French asked about how buildings were selected for the various projects at HWAD. She stressed the importance of visualizing the end-state of the project from the inception of the idea to its fruition. She commented that the appropriate upgrades can be determined and implemented after the building is selected. She remarked to George Gram, SOC Nevada LLC’s general manager that his selection of the building for the project was a great fit.
The upgraded lighting system in the building was also showcased. French shared her experience working as a second lieutenant in a warehouse in poor lighting and the eye strain it caused.
“Good lighting is an important safety factor,” she affirmed.
SOC staff demonstrated additional capabilities within the Western Area Demilitarization Facility to the visiting general.

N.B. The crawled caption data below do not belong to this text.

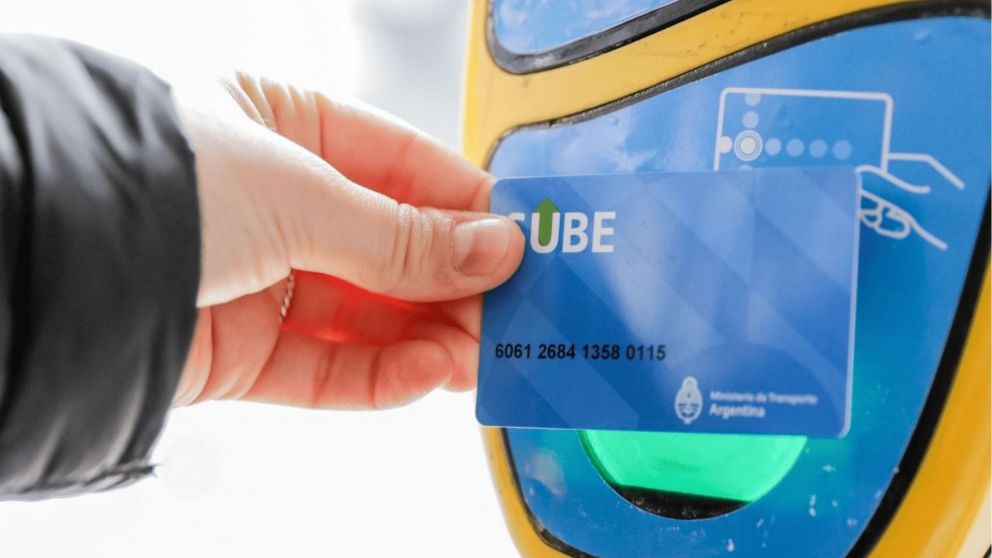 Aumentan los boletos de colectivo en la ciudad y provincia de Buenos Aires.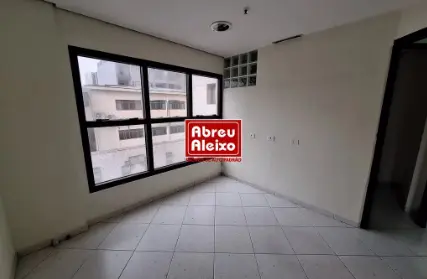 Imagem: Sala Comercial para Alugar, Vila Gomes Cardim
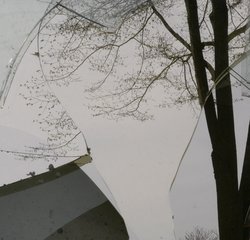 Daniel Burkhardt, Semiotics of the City, Video, 2020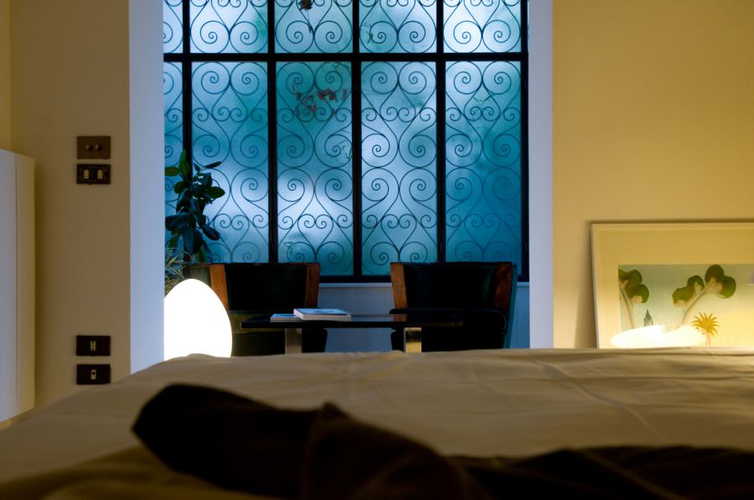 CasaDiMina B&B a Firenze atmosfera relax
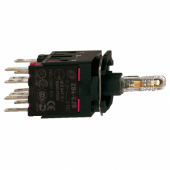  Harmony ZB6 - corps pour bouto 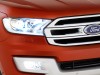 Ford Everest 2016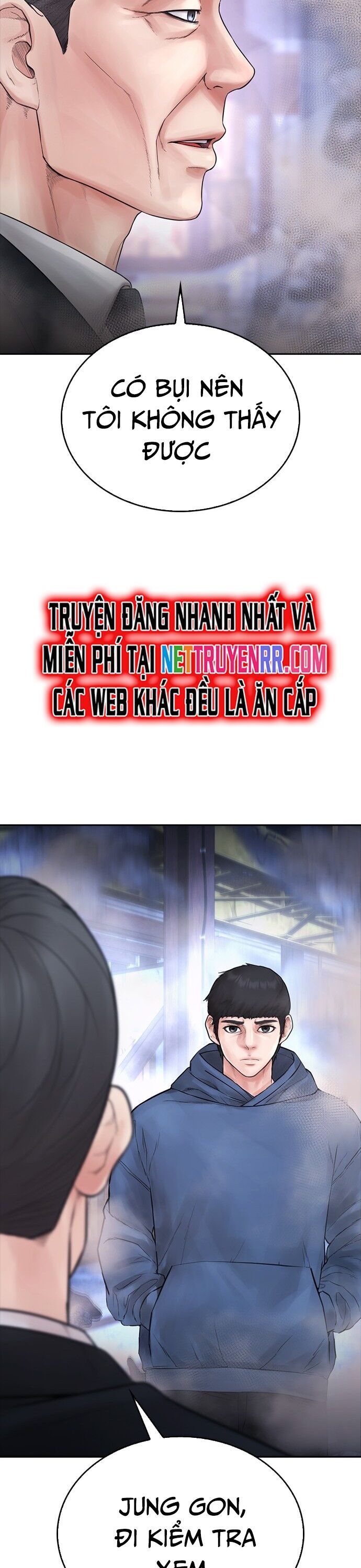 Bố Vạn Năng Chapter 147 - 54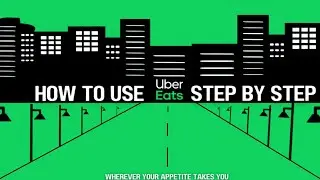 How To Use Uber Eats App to Order Food: How Does It Work?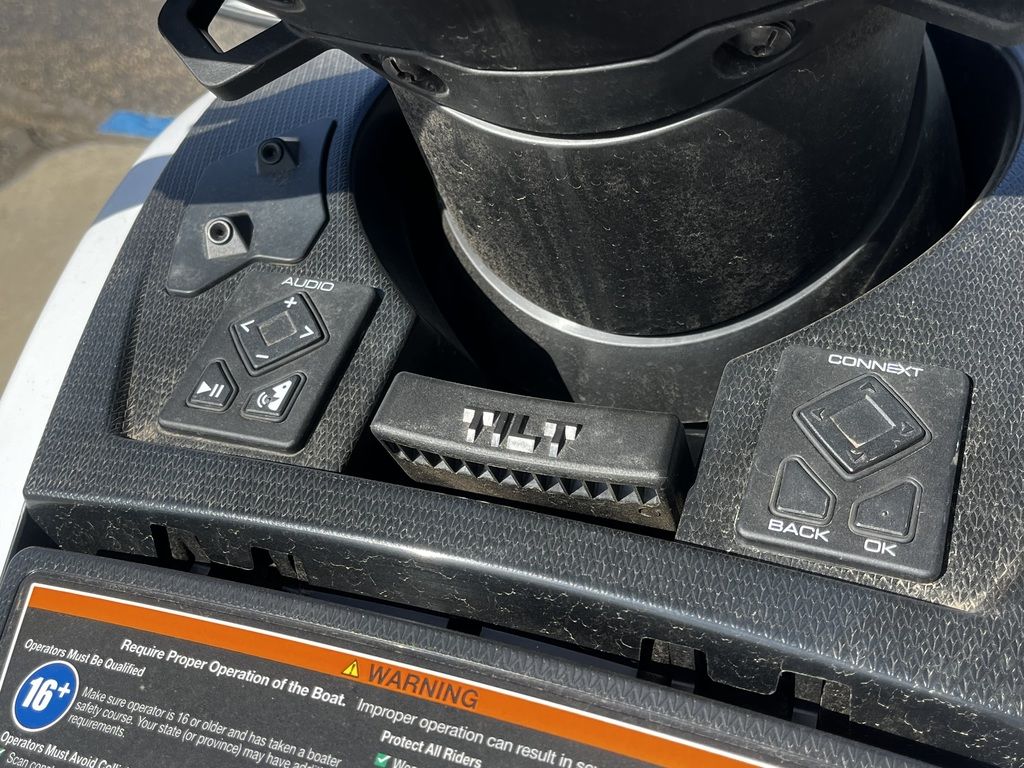 2026 Yamaha WaveRunners FX® HO with Audio - Image 7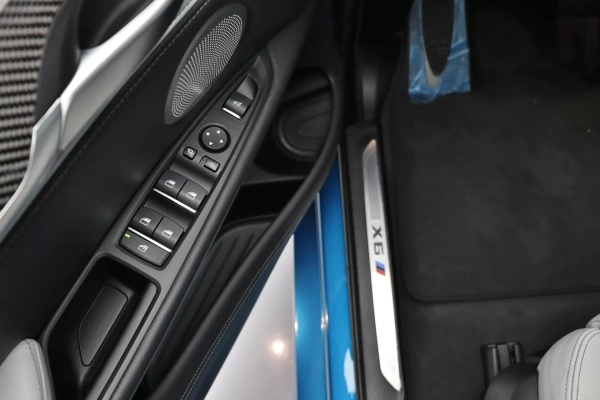 Foto do veiculo BMW X6 M 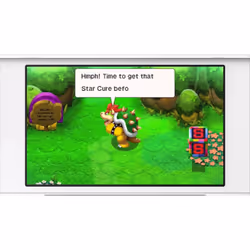 Mario & Luigi: Bowser's Inside Story + Bowser Jr.'S Journey - Nintendo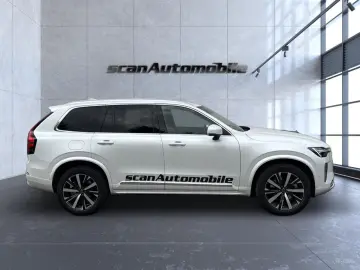 XC 90 Plus Bright Recharge Plug-In Hybrid AWD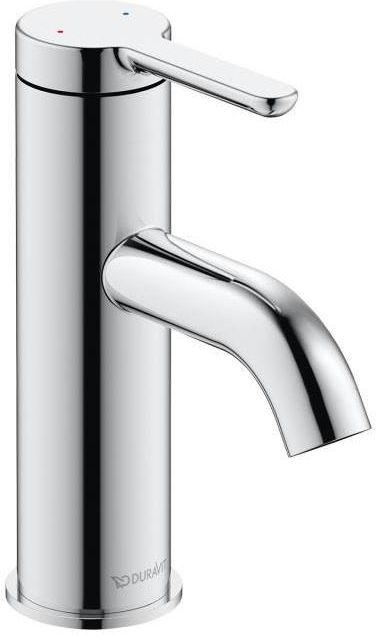Змішувач для раковини DURAVIT C.1 (C11010002010)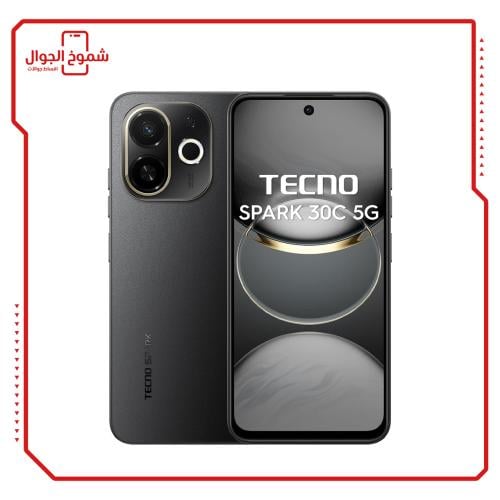 تكنو سبارك 30C 5G TECNO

Included in their discussion with French and Short of the melt-out, steam-out demilitarization process was the need to reduce waste and reclaim and recycle material while continuing to be cost-conscious of the tax-payers’ dollars.
French talked about the importance of each installation to share knowledge and expertise across the enterprise to ensure that the most efficient and cost-effective methods are being utilized. The depot’s collaborative efforts to improve the air quality in two buildings were unique examples of knowledge sharing.
Short provided an overview of storage operations and training capabilities to French. After viewing Rocket Mountain (named for the 2.75 and 5 inch rockets originally tested there), they stopped at the memorial site for the fallen Marines, from the training incident in March 2013, to remember their sacrifice.
French emphasized the importance of looking ahead in every situation that we are involved with.
“What is out there waiting to happen next? We need to look ahead and see,” she said.
“This is one of those places where you all are family and take care of one another,” French commented after touring the town and depot.
“Hawthorne Army Depot is a gem for the Army and a gem for the Department of Defense. We want to maintain our capabilities here to grow and expand,” said French to the HWAD staff.